Machine Learning

Autonomous driving, virtual assistants, image recognition, fraud checking, text summarization ... There are numerous applications of machine learning – an approach to artificial intelligence, where the program improves through experience over time. It learns.

To get a feeling for how machine learning differs from other approaches to AI, we want to take a look at a little game called Hexapawn. Hexapawn is a minified version of chess that has a 3x3 grid and all figures behave like pawns, i.e. they can move forward and capture diagonally. You will play the monkeys, while the computer will take care of the robots.

In this situation, there are four allowed moves for the robots.

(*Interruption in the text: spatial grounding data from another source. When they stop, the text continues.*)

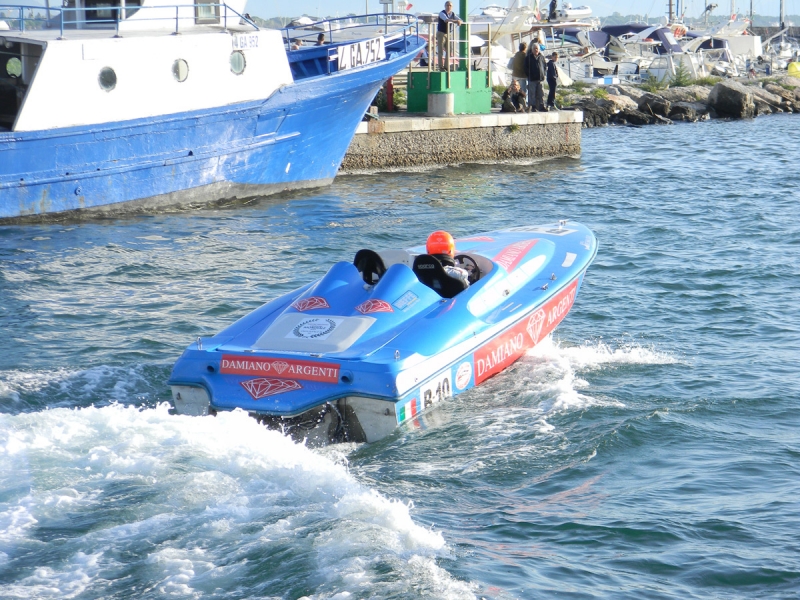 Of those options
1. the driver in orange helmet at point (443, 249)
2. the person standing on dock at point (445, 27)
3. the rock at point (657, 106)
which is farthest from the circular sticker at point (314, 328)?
the rock at point (657, 106)

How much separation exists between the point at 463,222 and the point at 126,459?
33.2 ft

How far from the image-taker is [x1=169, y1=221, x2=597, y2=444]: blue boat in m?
6.80

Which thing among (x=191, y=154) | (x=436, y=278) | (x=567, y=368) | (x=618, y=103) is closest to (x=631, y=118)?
(x=618, y=103)

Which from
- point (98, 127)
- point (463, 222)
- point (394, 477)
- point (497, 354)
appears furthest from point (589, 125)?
point (394, 477)

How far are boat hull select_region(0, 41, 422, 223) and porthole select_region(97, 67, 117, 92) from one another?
0.62 metres

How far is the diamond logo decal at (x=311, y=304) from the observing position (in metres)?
7.74

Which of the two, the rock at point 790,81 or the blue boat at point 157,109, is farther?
the rock at point 790,81

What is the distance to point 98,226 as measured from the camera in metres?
14.8

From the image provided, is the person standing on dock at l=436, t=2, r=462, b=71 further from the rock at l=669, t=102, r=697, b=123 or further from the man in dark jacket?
the rock at l=669, t=102, r=697, b=123

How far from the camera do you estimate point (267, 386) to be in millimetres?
6895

Giving the computer a strategy

In a first step, we want to make the computer being able to play this game by using our own knowledge.

!
Explore how to make the computer capable of playing this game by specifying the best move in each situation. Click here to open the game.

The game will allow you to specify a move for each situation by clicking on one of the colored tokens.

Letting the computer learn the strategy itself

Of course, there was no learning involved in the step above. We essentially defined the best move in each situation. However, for a lot of situations, it is pretty hard to define how the perfect strategy looks like, or how a dog looks like on the image with clear and precise rules. That's why, we look into machine learning next. For this, we will use the same game, but let the computer learn how to play the game itself.

!
Play multiple rounds against the computer and watch how it updates its strategy. Click here to open the new version of the game.
How did the computer learn to play hexapawn?

Answer the question to continue ...

At first, the computer will have little chance of winning, since it chooses its moves randomly (by drawing a token). The more games the computer finishes, the better it gets: it “learns” which moves will help it win and which it should avoid because they ended in defeat in the past. In this way, the computer’s strategy is gradually refined. Since the computer is punished for losing and rewarded for winning, we also call this way of learning reinforcement learning — learning by reward and punishment:

This procedure eliminate moves that resulted in defeat, so that eventually only “good” moves remain. In practice, strategies that do not lead to success would not be eliminated immediately, but only the probability of their occurrence would be reduced. Thus, the AI gradually learns which strategy to apply in which situation, but does not instantly eliminate strategies that did not lead to success in the first try. Using reinforcement learning a computer can learn to win a game simply by knowing the rules of the game or possible inputs. Of course, reinforcement learning is not limited to games, it can be also applied to learn other strategies such as controlling the air condition in big buildings.

Similiar ideas of a computer program learning through experience over time can then be applied to all kinds of problems to derive decision rules, behavior or patterns. But these problems tend to have one thing in common. They need to process large amounts of data to figure out a connection between the input (a game situation or an image) and the desired output (an action or an answer to what is visible on the image). Depending on the problem, learning can take days, months or years in compute time.

Doing machine learning using a quantum computer

Essentially in machine learning, the computer learns about specific parameters. These can be the number of red, blue, green or yellow dots in our hexapawn game. But this can also be the rotations of gates in a quantum circuit. This is one way to do quantum machine learning. Quantum machine learning is an active field of research, so we expect new approaches popping up in the future.

One area where QML is definitely ahead is when we look problems where the data is not from a classical but quantum in itself. Then a quantum computer is here to shine as recently demonstrated by researchers in an experiment that analyzed quantum data from the physical world.

In our project QLINDA, we investigate together with partners how reinforcement learning can help maximize performance in process manufacturing, or optimize production planning.